In the 1960s, the Canadian government’s main interest in space turned to communications satellites, and while Canadian space efforts were fragmented under different departments and agencies, John H. Chapman, a physicist with a background in defense work, assumed leadership of Canada’s evolving space program. Godefroy’s treatment of these early years of Canadian space exploration is the centrepiece of the book.

While the Canadian government turned the development of Canada’s communication satellite infrastructure over to Telesat Canada and the private sector in the 1970s, Godefroy’s account of this time emphasizes the Canadian government’s actions that led to Canada’s participation in the U.S. Space Shuttle Program. Starting with the development of the Space Shuttle Remote Manipulator System or Canadarm.

 The Canadian Space Program then chronicles the events that led to the creation of the Canadian Astronaut Program in 1983, and then the long awaited establishment of the Canadian Space Agency in 1989.

 Starting with Marc Garneau in 1984, eight Canadian astronauts flew into space during the life of the Space Shuttle program, six of them more than once. Godefroy’s book covers these flights through Julie Payette’s second shuttle flight to the International Space Station in 2009, which coincided with Robert Thirsk’s first Canadian long duration mission on the ISS. Canada earned its way into the ISS with its contribution of the Mobile Servicing System, an advanced version of the Canadarm.

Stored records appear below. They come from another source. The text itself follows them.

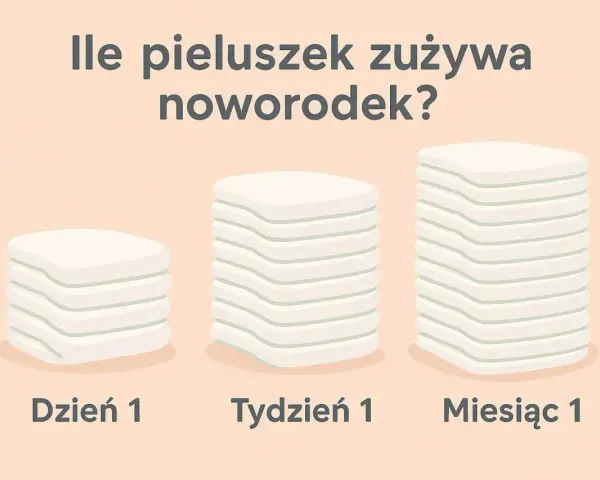Ile dziecko zużywa pampersów dziennie? Ilustracja pokazuje stosy pieluszek na Dzień 1, Tydzień 1 i Miesiąc 1, wizualizując zużycie.
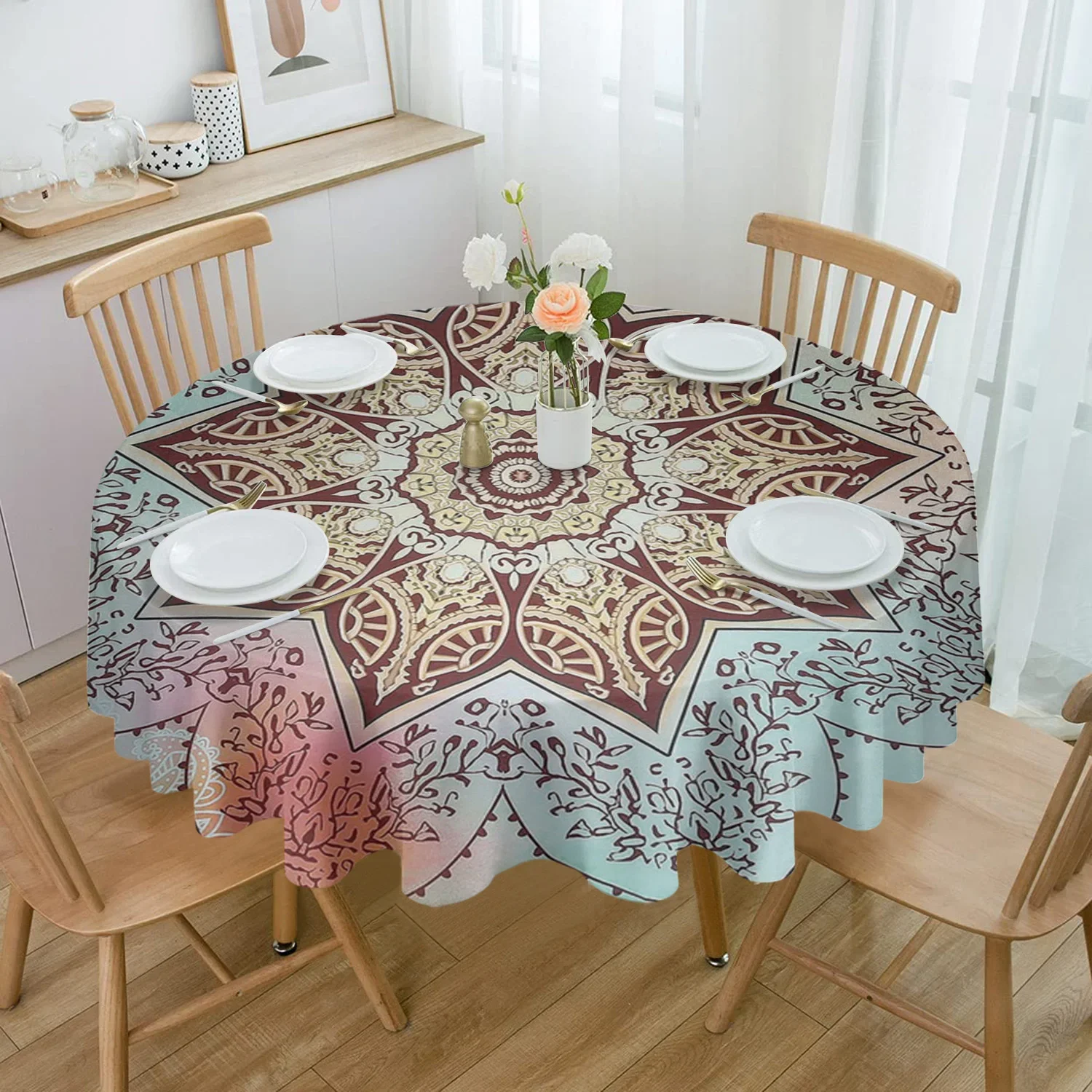Мандала градиент цветок круглая скатерть водостойкая крышка стола домашняя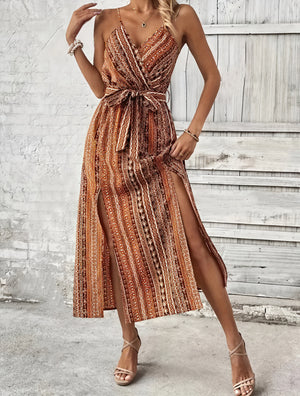 Bohemian Maxi Dress - Wrap Bodice, Side Slits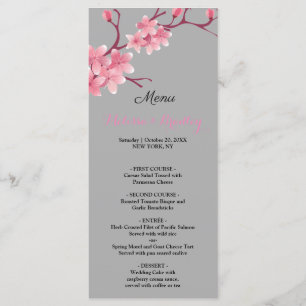 Cherry Blossom Wedding Menu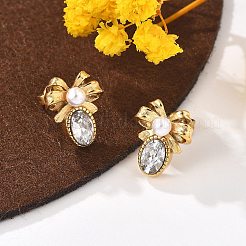 304ステンレススチールマイクロパヴェクリアキュービックジルコニアスタッドピアス  プラスチック模造パールと  蝶結び  18KGP本金メッキ  13x11mm&nbsp;LS-EJEW-I318-03G-01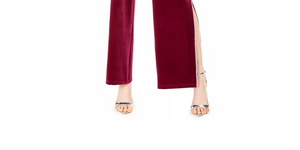 MSK Womens Maroon Slitted Embellished Velvet Solid Evening Pants: Size L (RED)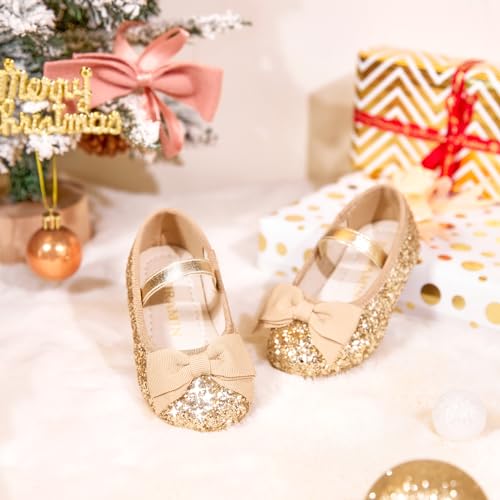 Image of PHIRAMIN Toddler Flower Girl Dress Shoes - Little Girl Ballet Flats Bow Wedding Party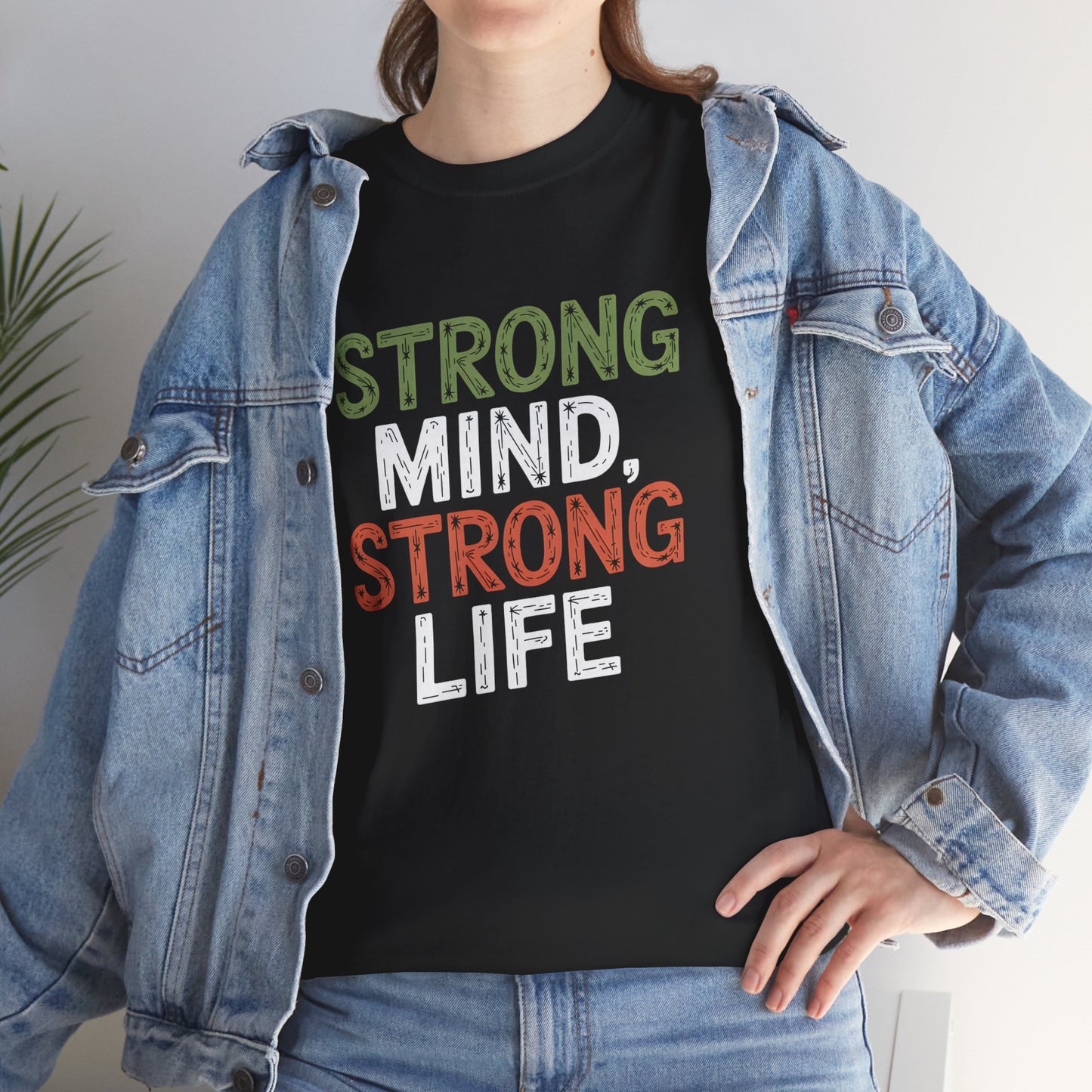 Strong Mind Strong Life Motivational Fitness Graphic T-Shirt Unisex Short Sleeve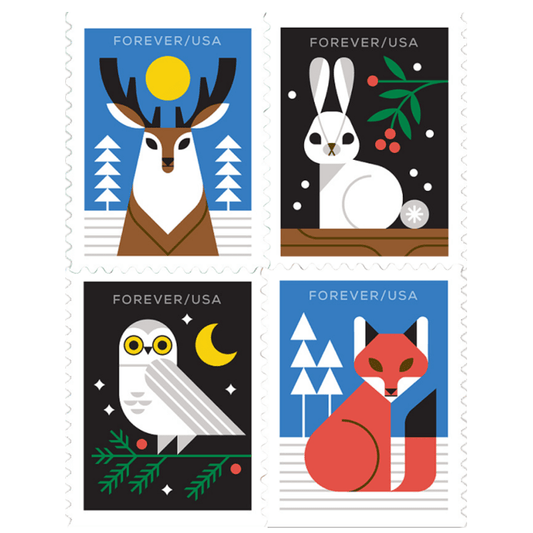 Winter Woodland Animals Forever Stamps image 0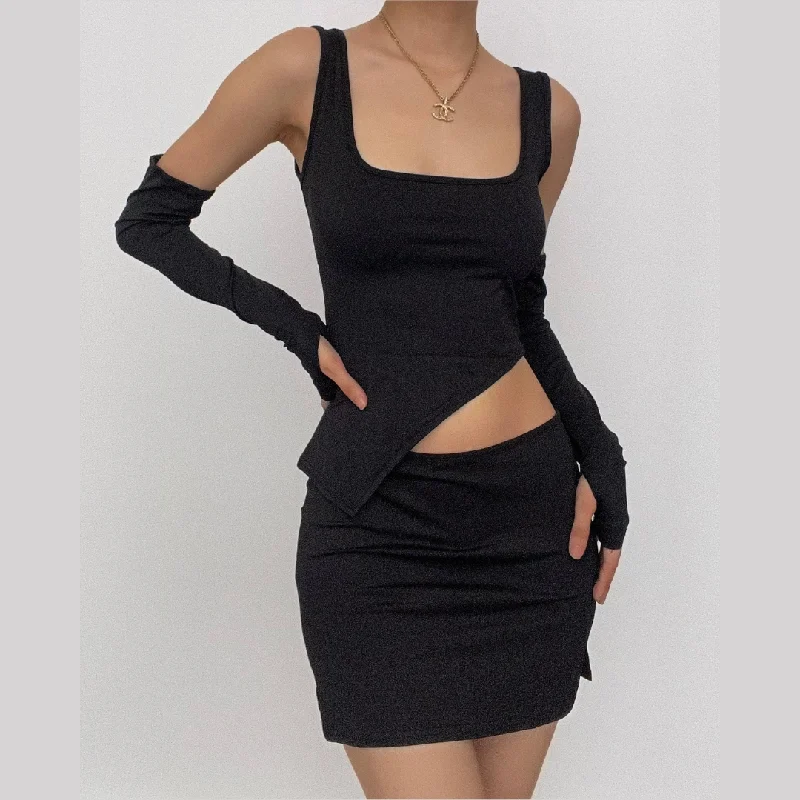 Sleeveless u neck solid irregular gloves crop top skirt set leather skirt bold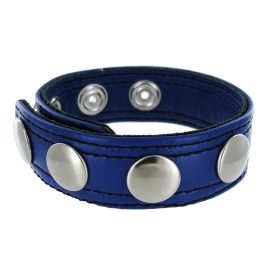 The Strict Leather Blue Speed Snap Cock Ring is made of high quality leather and features 4 snap sizing slots. It effectively holds erections harder and longer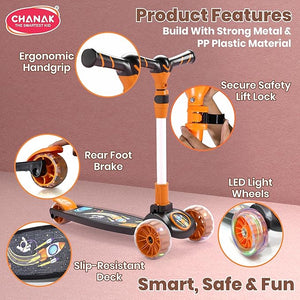 Chanak Go Rider Kick Scooter for Kids LED Light 3 Wheel Foldable Scooter with Rear Break 4 Height Adjustable with Lock for Boy & Girl 5+ Age Kids (Orange-Black) chanak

This book explains how Canadian government policy directed and sometimes hindered Canada’s many space accomplishments, many of which depended on cooperation with the United States and other spacefaring nations.

Godefroy acknowledges that “there is much to be learned about the history of Canada’s space program,” and he calls this book a first step that he hopes will be followed by others on this topic. As someone who follows Canadian space history, I hope that some of those books will come from Godefroy himself.